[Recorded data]
════
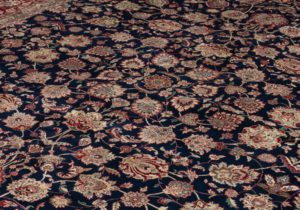 kashan wool rug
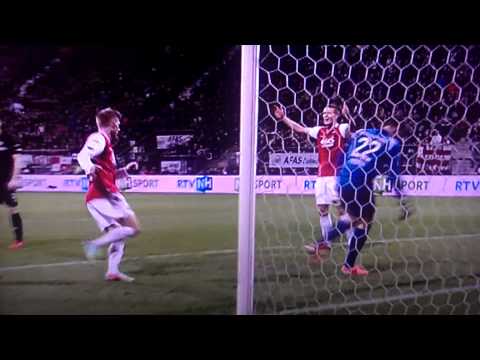 #AZ Aron Johansson scoort de 2000e goal van AZ!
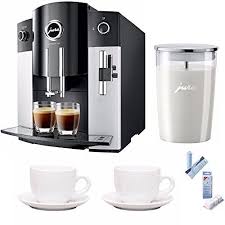 Jura Impressa C65 Automatic Coffee Machine Jura Milk Container Decalcifying Tablets Automatic Coffee Machine Automatic Espresso Machine Jura Coffee Machine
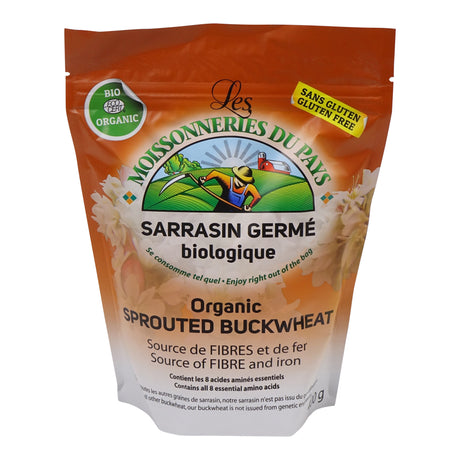 Sarrasin germé biologique 400 g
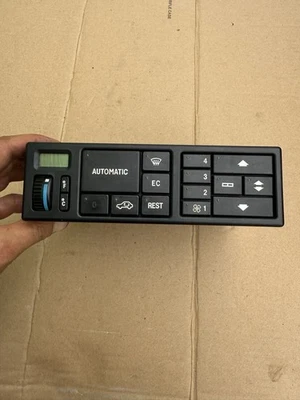 90-96 Mercedes R129 SL500 500SL 300SL AC Heater Climate Temperature Control  OEM - Image 1 of 4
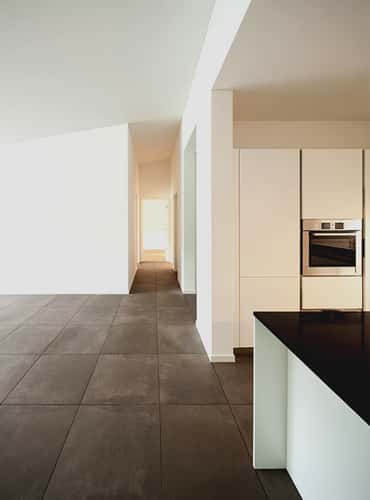 Room with Domestic Kitchen - Tile in Huntington, NY Room with Domestic Kitchen - Tile in Huntington, NY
════
» WHAT YOU NEED TO DO:
Transcribe the records above exactly, omitting every picture they contain.

» ANSWER BELOW:
 kashan wool rug
 #AZ Aron Johansson scoort de 2000e goal van AZ!
 Jura Impressa C65 Automatic Coffee Machine Jura Milk Container Decalcifying Tablets Automatic Coffee Machine Automatic Espresso Machine Jura Coffee Machine
 Sarrasin germé biologique 400 g
 90-96 Mercedes R129 SL500 500SL 300SL AC Heater Climate Temperature Control  OEM - Image 1 of 4
 Room with Domestic Kitchen - Tile in Huntington, NY Room with Domestic Kitchen - Tile in Huntington, NY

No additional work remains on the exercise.